[Crawled caption data]
======

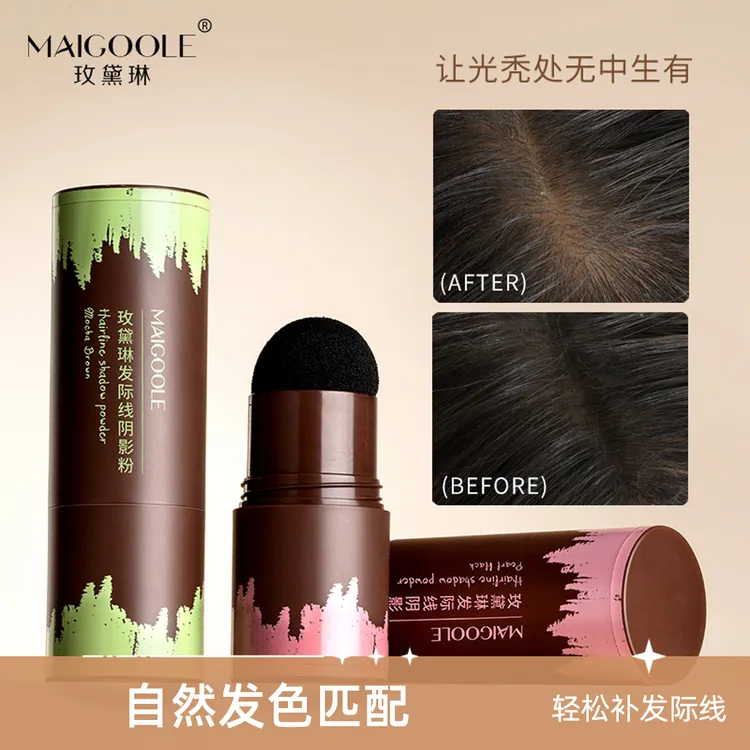玫黛琳发际线阴影粉防水持久修容填充神器额头发鬓线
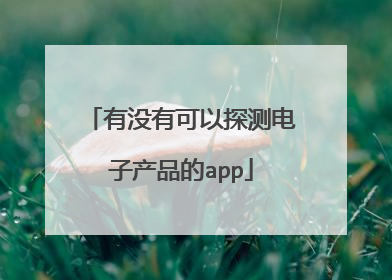 有没有可以探测电子产品的app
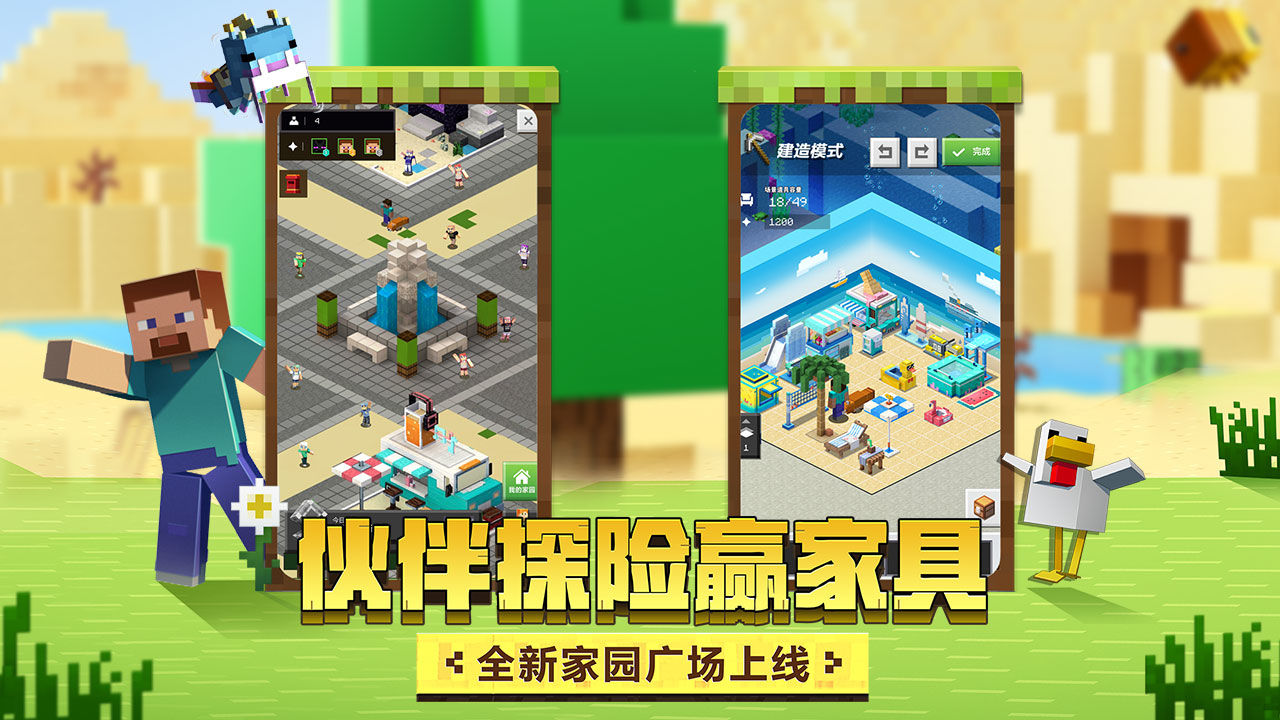 我的世界mc新斗羅大陸模組下載手機(jī)版截圖4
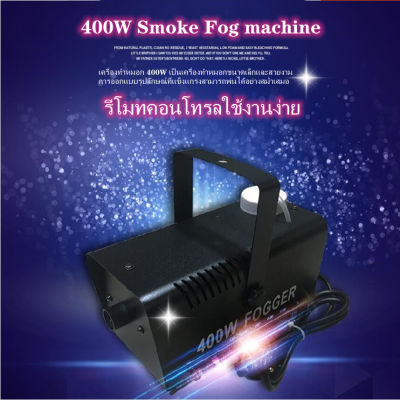 GREGORY-Smoke 400w เครื่องสโมค 400w พร้อมรีโมท Smoke ทำควัน ไฟดิสโก้ ไฟดิสโก้เทค ไฟเทค ปาร์ตี้ ไฟเวที ดิสโ Smoke Fog machine smoke machine 400w with remote control สำหรับไฟดิสโก้เลเซอร์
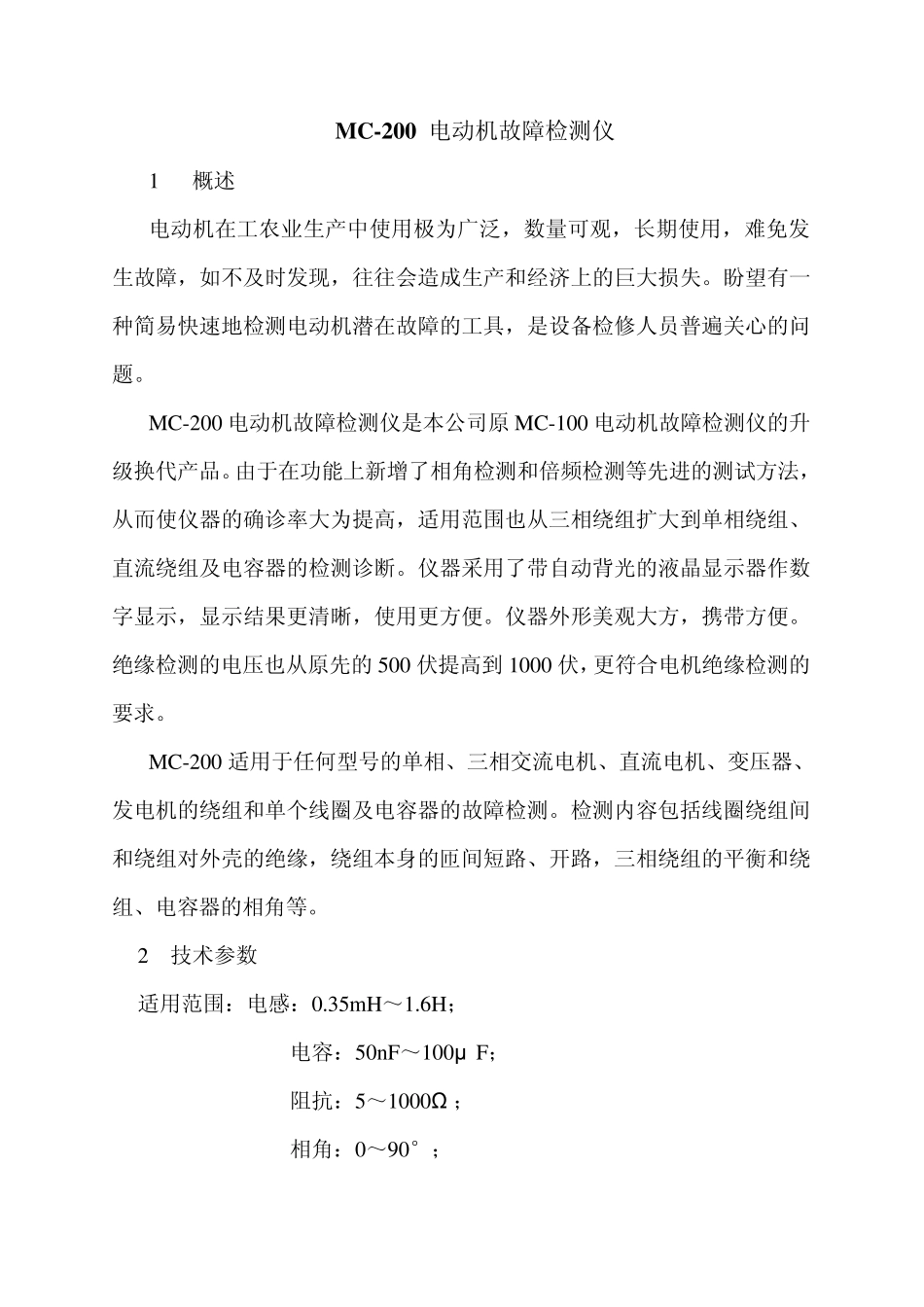 MC200电动机故障检测仪_第1页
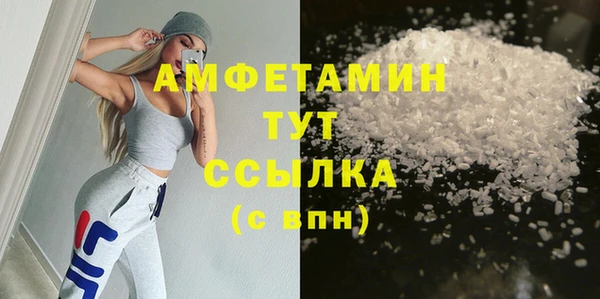 СК Белоозёрский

======

- [AIM OF THE TASK]: Every line above should be returned exactly; the pictures stay out.

- [ANSWER SPACE]:
玫黛琳发际线阴影粉防水持久修容填充神器额头发鬓线
 有没有可以探测电子产品的app
 我的世界mc新斗羅大陸模組下載手機(jī)版截圖4
 GREGORY-Smoke 400w เครื่องสโมค 400w พร้อมรีโมท Smoke ทำควัน ไฟดิสโก้ ไฟดิสโก้เทค ไฟเทค ปาร์ตี้ ไฟเวที ดิสโ Smoke Fog machine smoke machine 400w with remote control สำหรับไฟดิสโก้เลเซอร์
 MC200电动机故障检测仪_第1页
 СК Белоозёрский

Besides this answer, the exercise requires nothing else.